This image is the cover for the book Skin That We Speak

Skin That We Speak

“Lucid, accessible” research on classroom language bias for educators and “parents concerned about questions of power and control in public schools” (Publishers Weekly).

In this collection of twelve essays, MacArthur Fellow Lisa Delpit and Kent State University Associate Professor Joanne Kilgour Dowdy take a critical look at the issues of language and dialect in the education system. The Skin That We Speak moves beyond the highly charged war of idioms to present teachers and parents with a thoughtful exploration of the varieties of English spoken today.

At a time when children who don’t speak formal English are written off in our schools, and when the class- and race-biased language used to describe those children determines their fate, The Skin That We Speak offers a cutting-edge look at this all-important aspect of education.

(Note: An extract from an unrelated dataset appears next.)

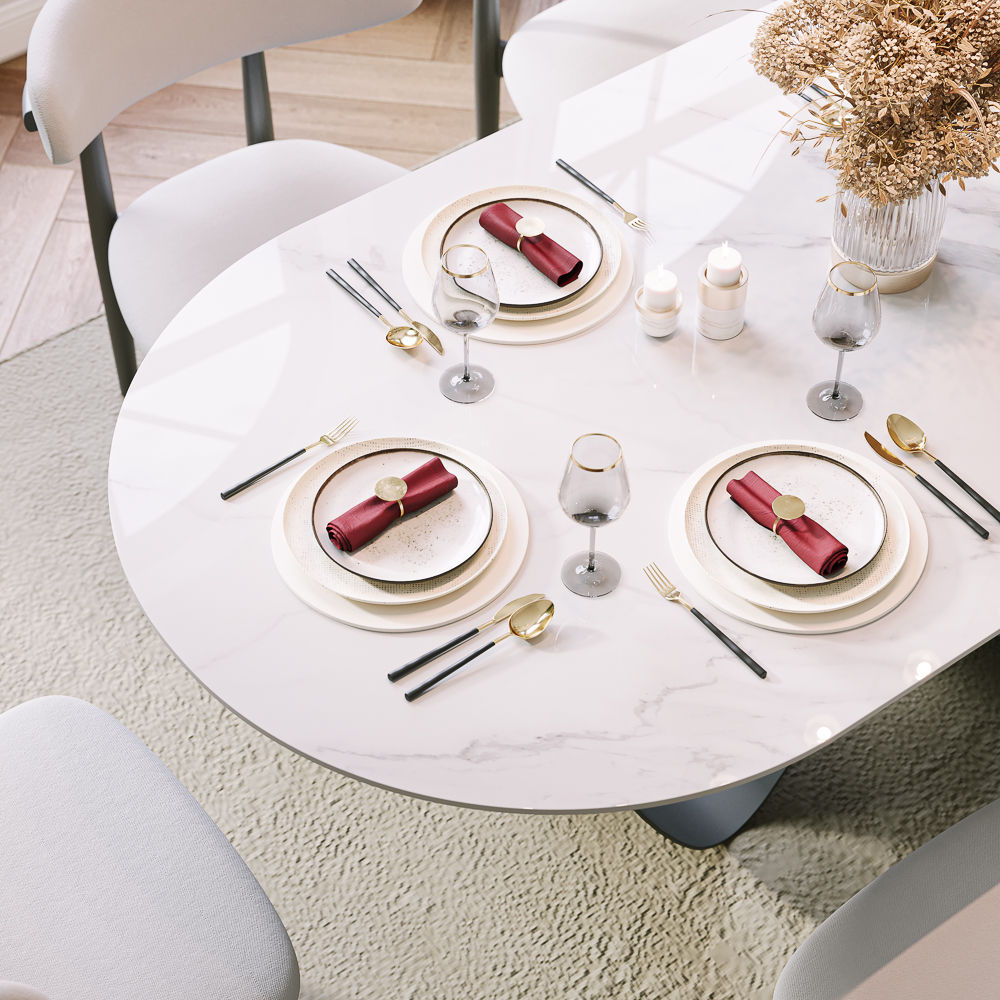 Sintered Stone White & Black Dining Tables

Including groundbreaking work by Herbert Kohl, Gloria J. Ladson-Billings, and Victoria Purcell-Gates, as well as classic texts by Geneva Smitherman and Asa Hilliard, this volume of writing is what Black Issues Book Review calls “an essential text.”

“The book is aimed at helping educators learn to make use of cultural differences apparent in language to educate children, but its content guarantees broader appeal.” —Booklist

“An honest, much-needed look at one of the most crucial issues in education today.” —Jackson Advocate

Lisa Delpit, Joanne Kilgour Dowdy

MacArthur Fellow Lisa Delpit received the award for Outstanding Contribtuion to Education in 1993 from the Harvard Graduate School of Education. She currently holds the Benjamin E. Mays Chair of Urban Education Leadership at Georgia State University in Atlanta, Georgia. Joanne Kilgour Dowdy is the Assistant Director at the Center for the Study of Adult Literacy and assistant professor at Georgia State University.